* [Task to carry out]
Begin at the line below that has "14k Yellow Gold Evil Eye Ring". Stop after the line that has "Necklace featuring floral", repeating each line exactly and leaving out the pictures.

┄┄┄┄┄┄┄┄┄┄

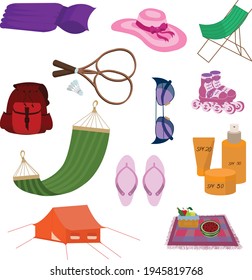 Summer travel items for recreation, camping, travel: crib, blanket and picnic basket, fruits and drinks, sunglasses and cosmetics, sun lounger, hammock, inflatable swimming mattress, roller skates, ra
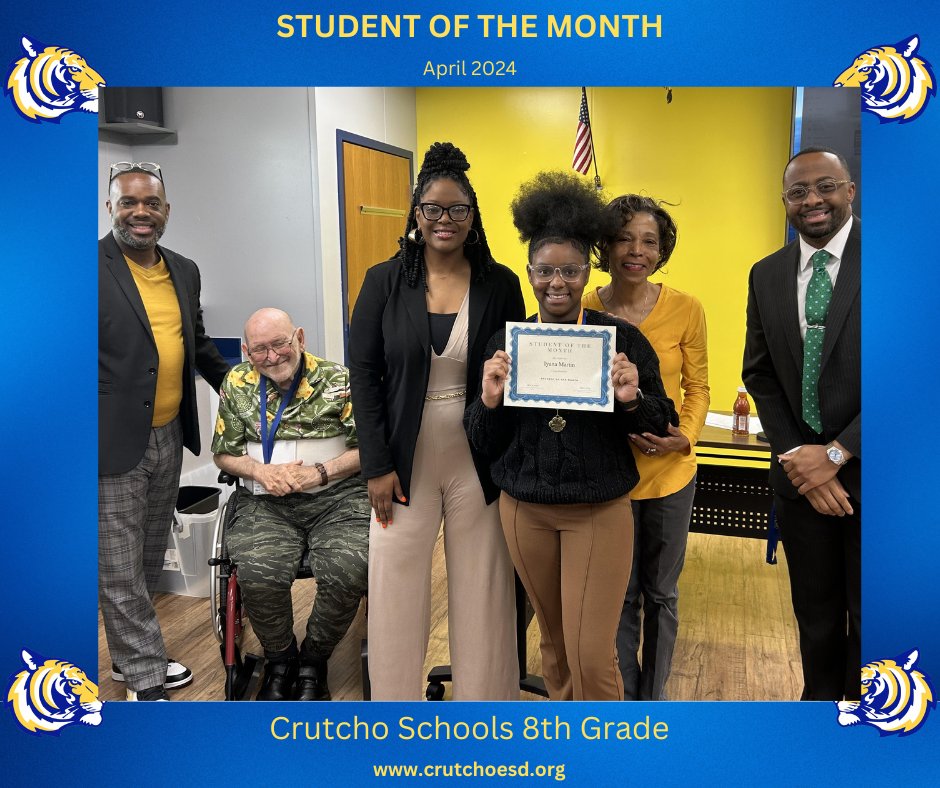 You're amazing, for being the 8th grade Student of the Month in April! Good job Tiger!
#studentofthemonth #8thgrade #TigerPride #schoolawards #crutchotigers #oklaed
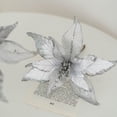 thumbnail image 3 of 25cm Mesh Fabric Sequin Simulation Christmas Flower Christmas Tree Decoration White, 3 of 9
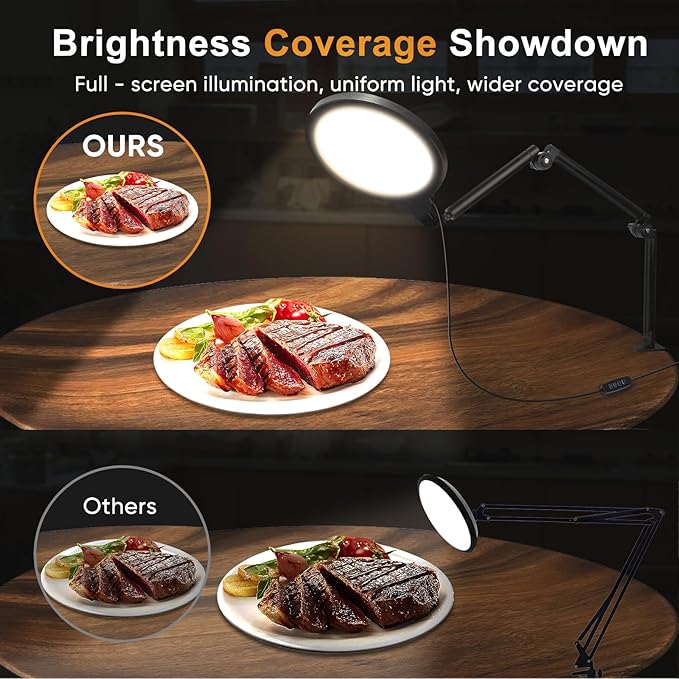 Desk Ring Light, 10" LED Ring Light for Desk with Clamp, 360°Rotate & Flexible Height Full-Screen Overhead Ringlight for Video Recording, TikTok, YouTube, Live Streaming, Content Creation, Black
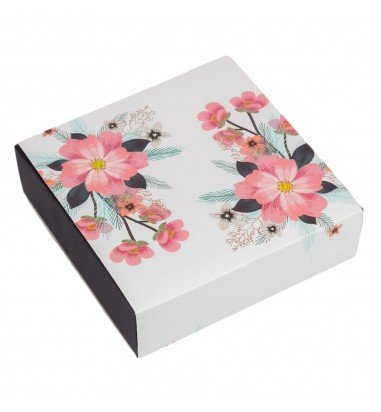 Cutie cu model floral și mesaj Merci...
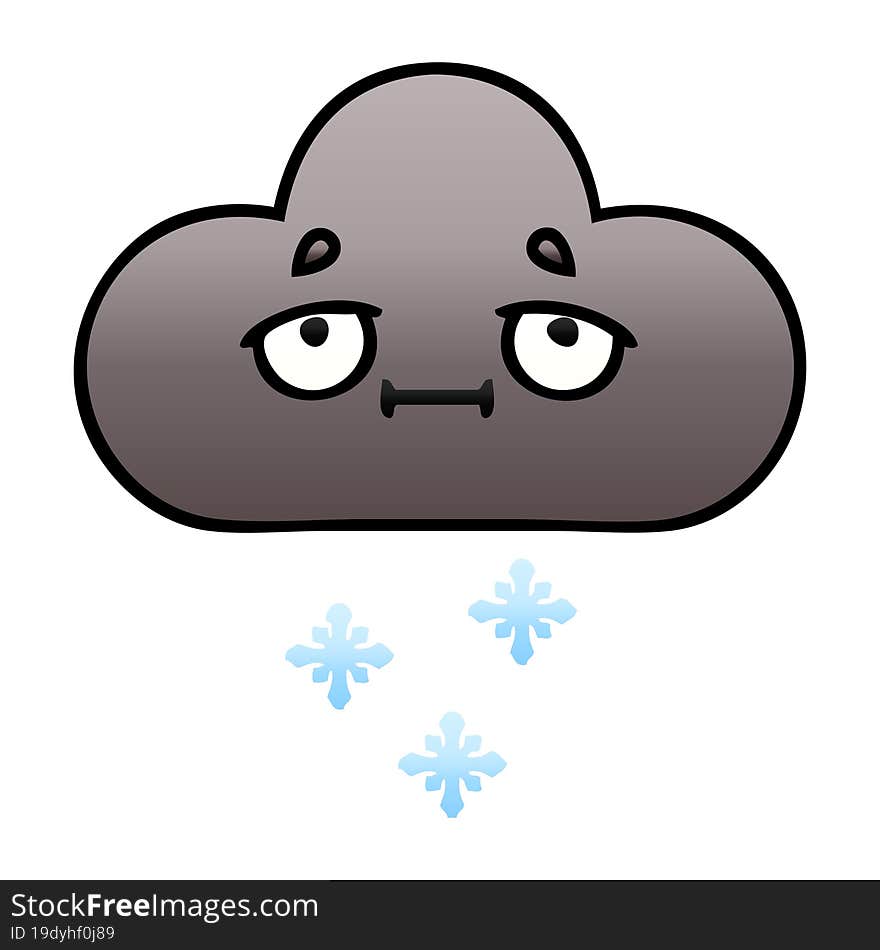 Gradient Shaded Cartoon Storm Snow Cloud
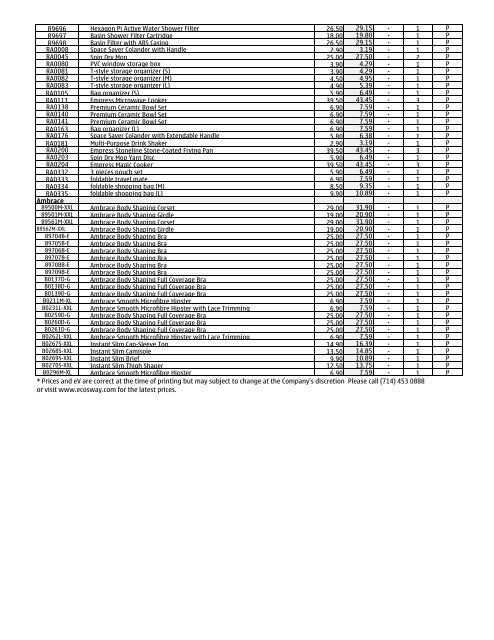 Latest Price List - eCosway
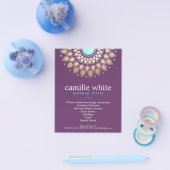 Makeup Artist Elegant Gold Motif Paars Flyer (Enkel)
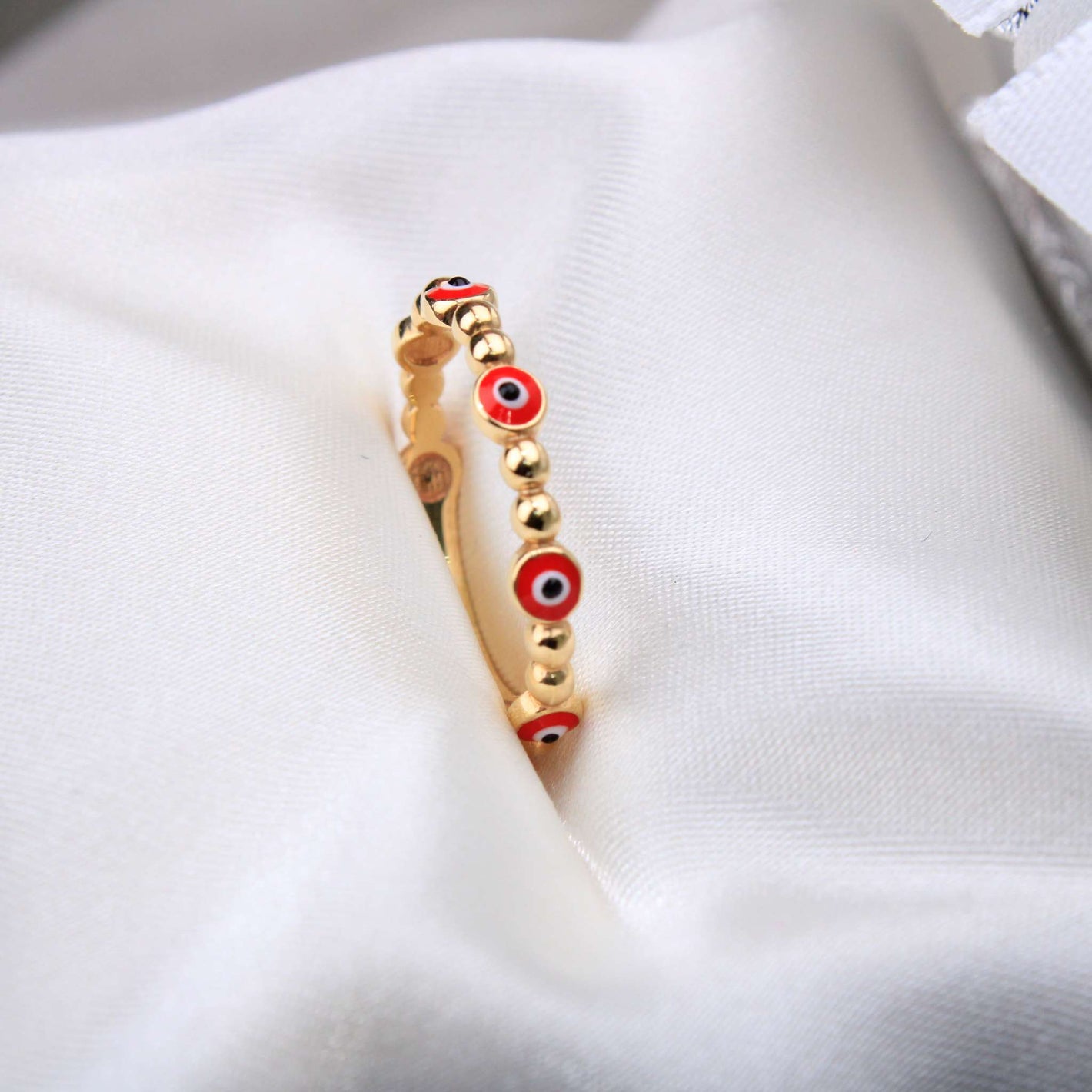 14k Yellow Gold Evil Eye Ring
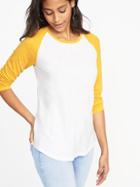 Old Navy Womens Relaxed Raglan-sleeve Tee For Women Agave Nectar Size L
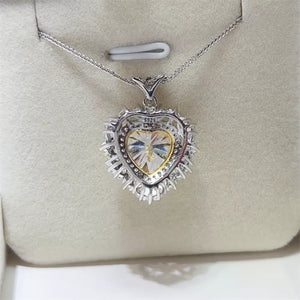 Necklace featuring floral in silver with Platinum-Plated,925 sterling silver,Moissanite Carat weight: 5ct Care instructio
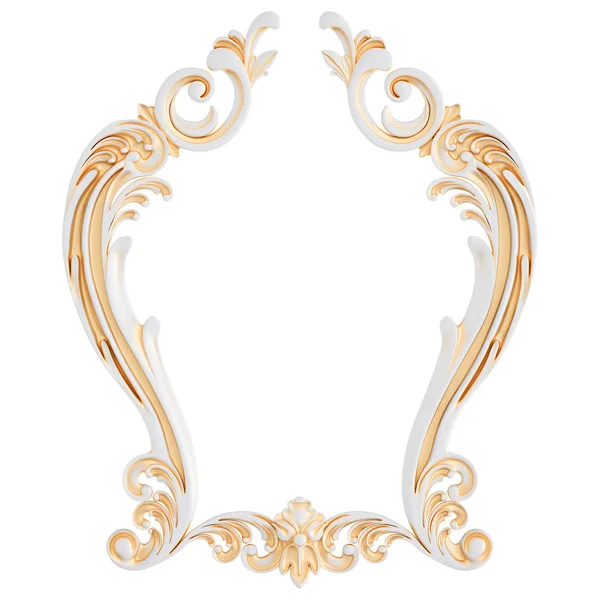 White ornament frame with gold patina on a white background. Isolated — Stock Photo, Image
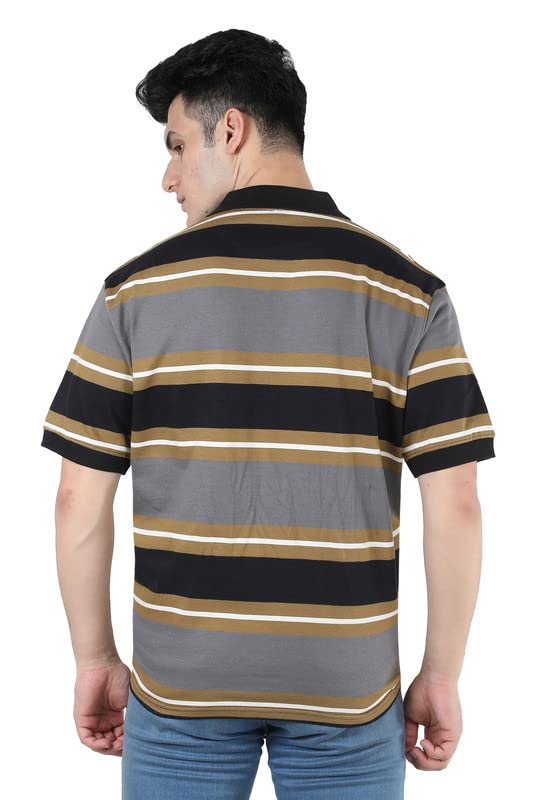 Image of Particle Men's Plus Size Big Size Cotton Polo Collar T-Shirt | Relaxed Fit Striped Half Sleeve | 100% Cotton 210 GSM | Smart Casual | Sizes 2XL-6XL | Breathable Summer Wear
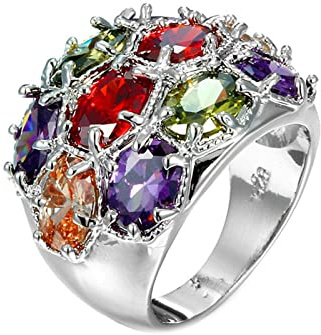 Lieson Bague Promesse Femme, Bague De Fiançailles Plaque Or Blanc Bague en Zirconium Ovale Bague Large De Luxe
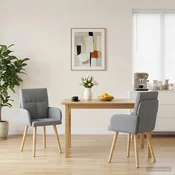 vidaXL Jedilni stoli 2 pcs Blago Svetlo siva 60 x 56 x 96 cm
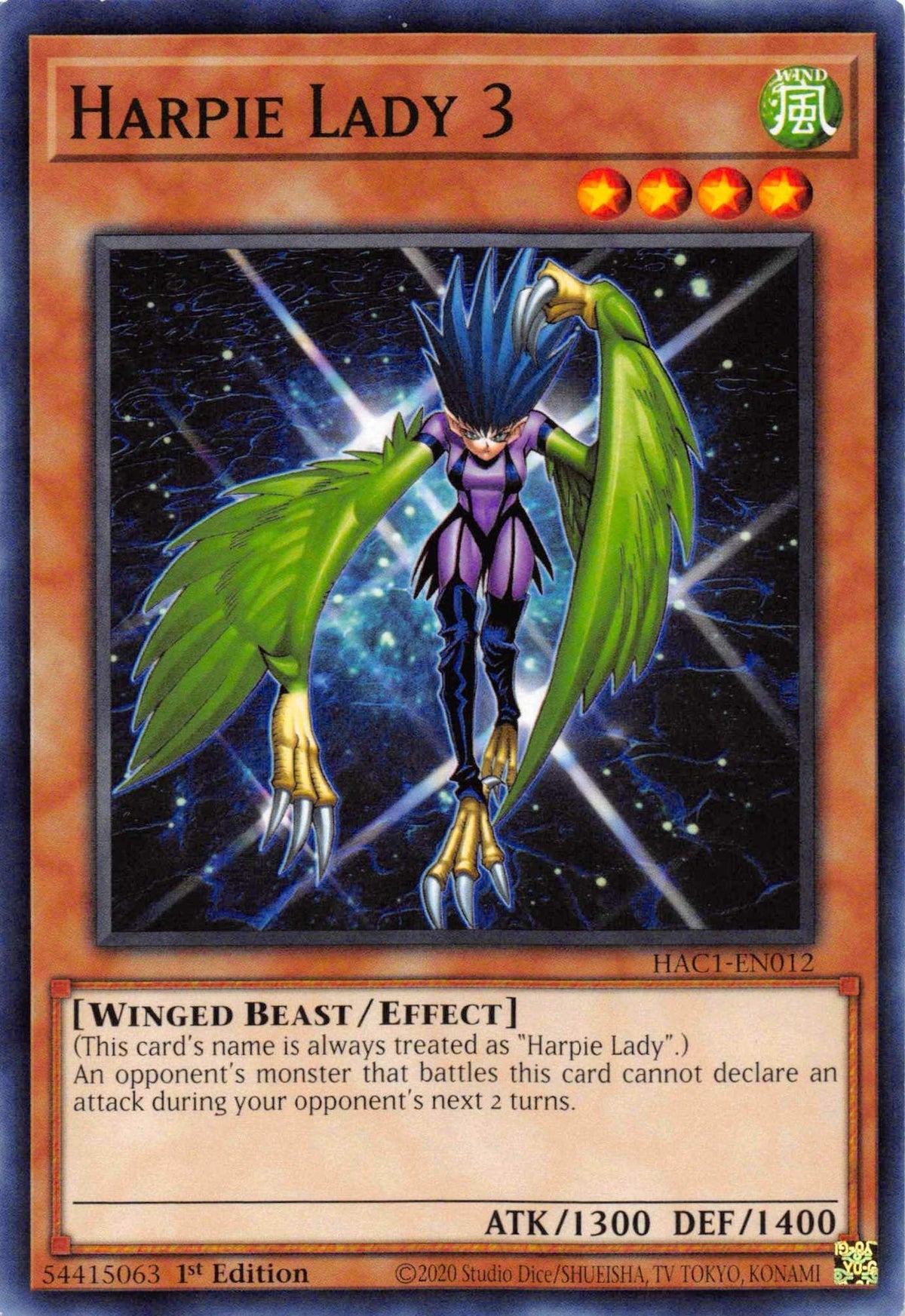 1st Edition, Common, Effect Monster, Hidden Arsenal: Chapter 1, Wind, Winged Beast Harpie Lady 3 [HAC1-EN012] Common - Trading Card World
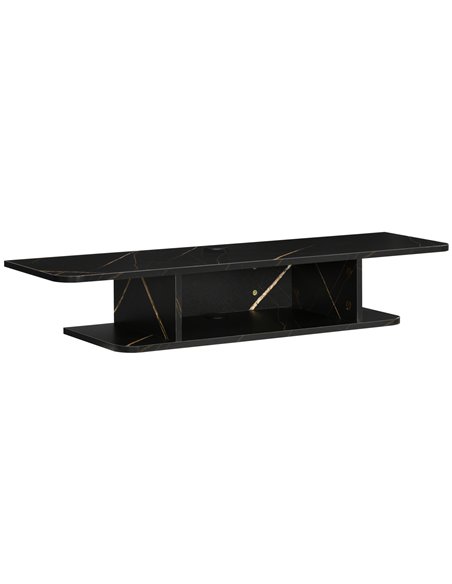 HOMCOM Floating TV Unit Stand for TVs up to 40", Wall Mounted Media Console with Storage Shelf, Entertainment Center, Black - pic 27879 | FastDaddyshop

┄┄┄┄┄┄┄┄┄┄

* [Answer to the exercise]
 14k Yellow Gold Evil Eye Ring
 Old Navy Womens Relaxed Raglan-sleeve Tee For Women Agave Nectar Size L
 Necklace featuring floral in silver with Platinum-Plated,925 sterling silver,Moissanite Carat weight: 5ct Care instructio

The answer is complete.